Problem requirements |
Could you return each line from the one bearing "person holding gray desk calculator" through the last line of the entries, exactly as it stands, with no pictures?

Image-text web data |
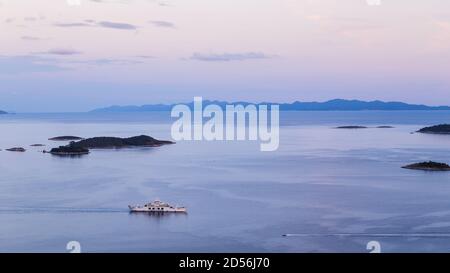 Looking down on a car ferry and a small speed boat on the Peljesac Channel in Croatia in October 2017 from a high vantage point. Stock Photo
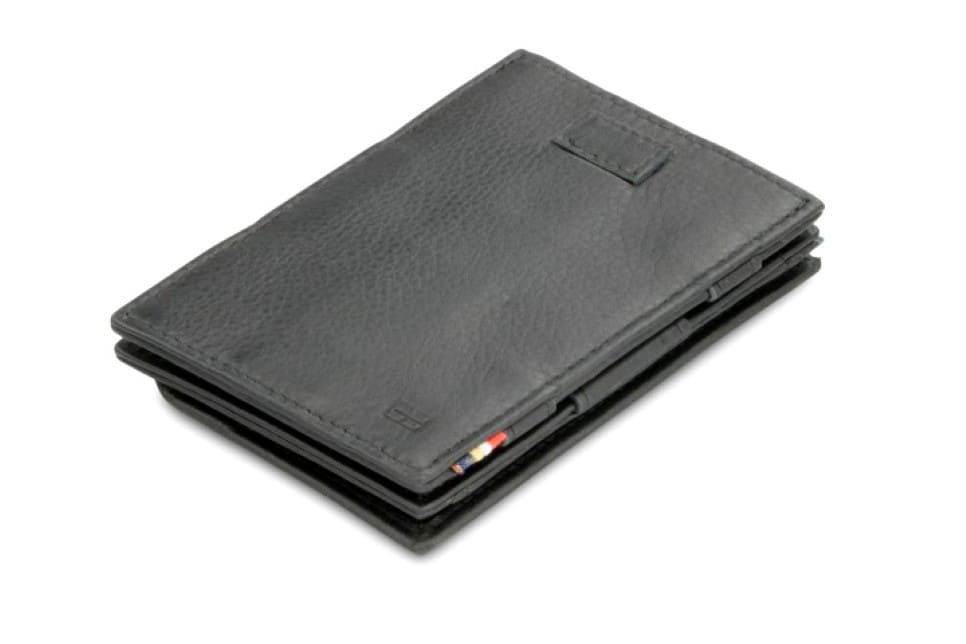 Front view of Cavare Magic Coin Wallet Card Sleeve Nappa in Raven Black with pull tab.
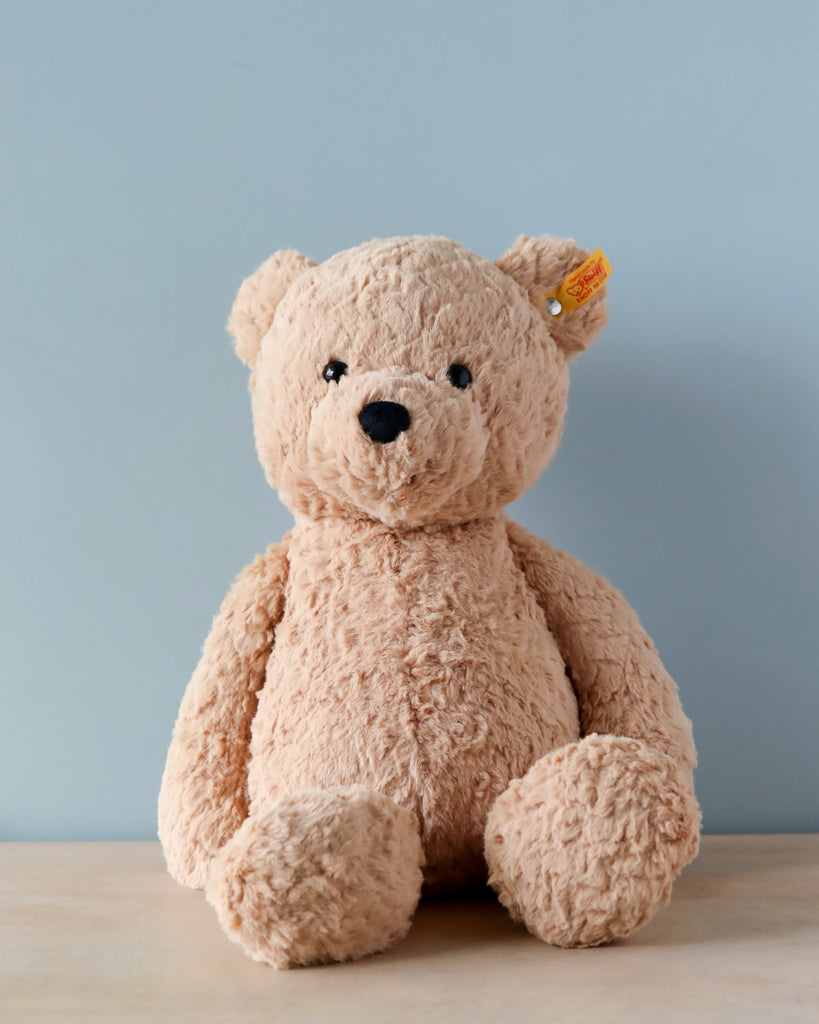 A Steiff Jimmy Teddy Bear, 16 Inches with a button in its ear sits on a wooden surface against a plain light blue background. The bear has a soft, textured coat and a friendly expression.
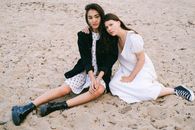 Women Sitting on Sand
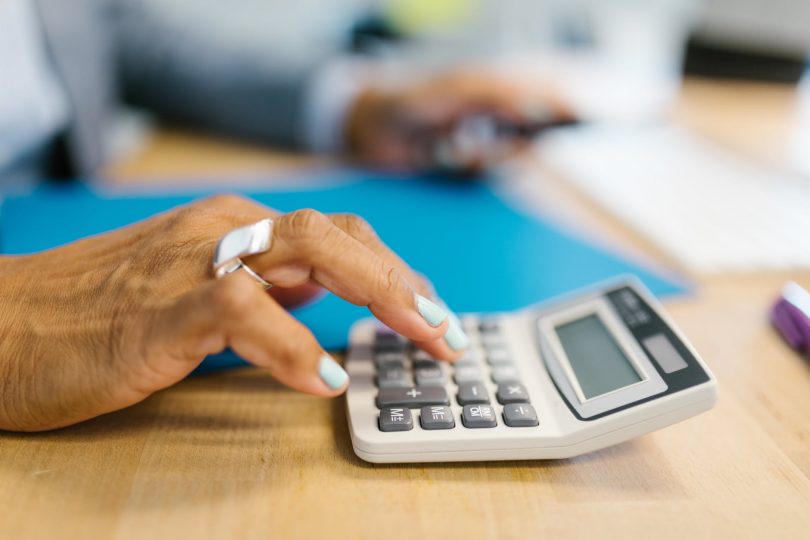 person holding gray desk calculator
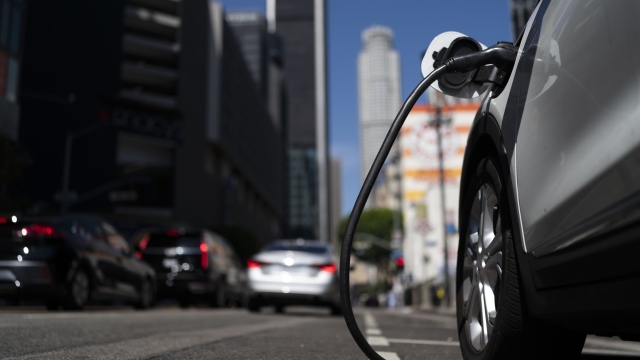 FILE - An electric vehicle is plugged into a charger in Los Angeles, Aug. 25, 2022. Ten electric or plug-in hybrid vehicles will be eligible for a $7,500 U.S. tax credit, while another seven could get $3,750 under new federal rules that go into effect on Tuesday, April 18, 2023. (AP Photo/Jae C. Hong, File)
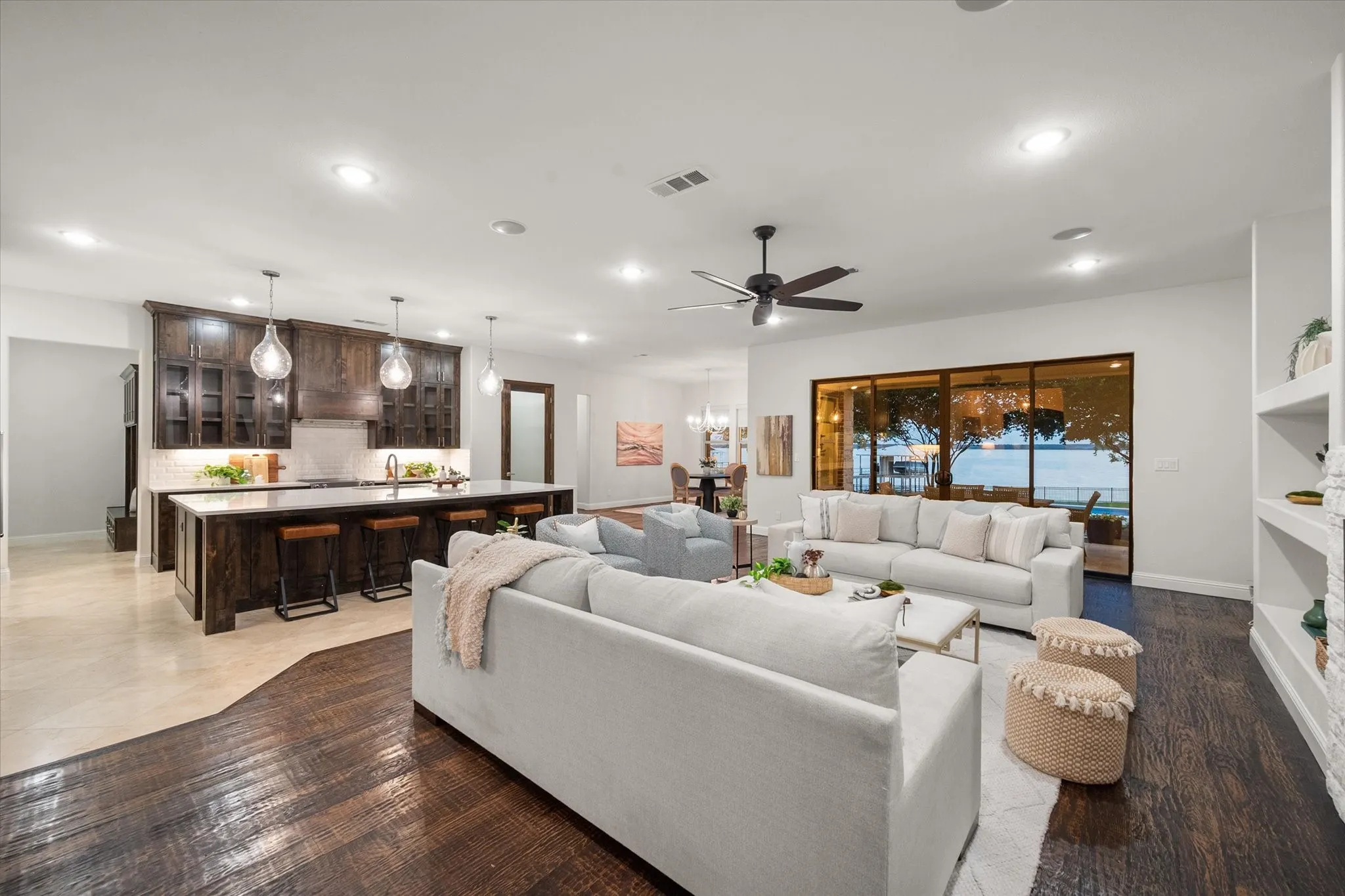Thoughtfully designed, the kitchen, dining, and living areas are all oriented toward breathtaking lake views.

Answer box |
 person holding gray desk calculator
 FILE - An electric vehicle is plugged into a charger in Los Angeles, Aug. 25, 2022. Ten electric or plug-in hybrid vehicles will be eligible for a $7,500 U.S. tax credit, while another seven could get $3,750 under new federal rules that go into effect on Tuesday, April 18, 2023. (AP Photo/Jae C. Hong, File)
Thoughtfully designed, the kitchen, dining, and living areas are all oriented toward breathtaking lake views.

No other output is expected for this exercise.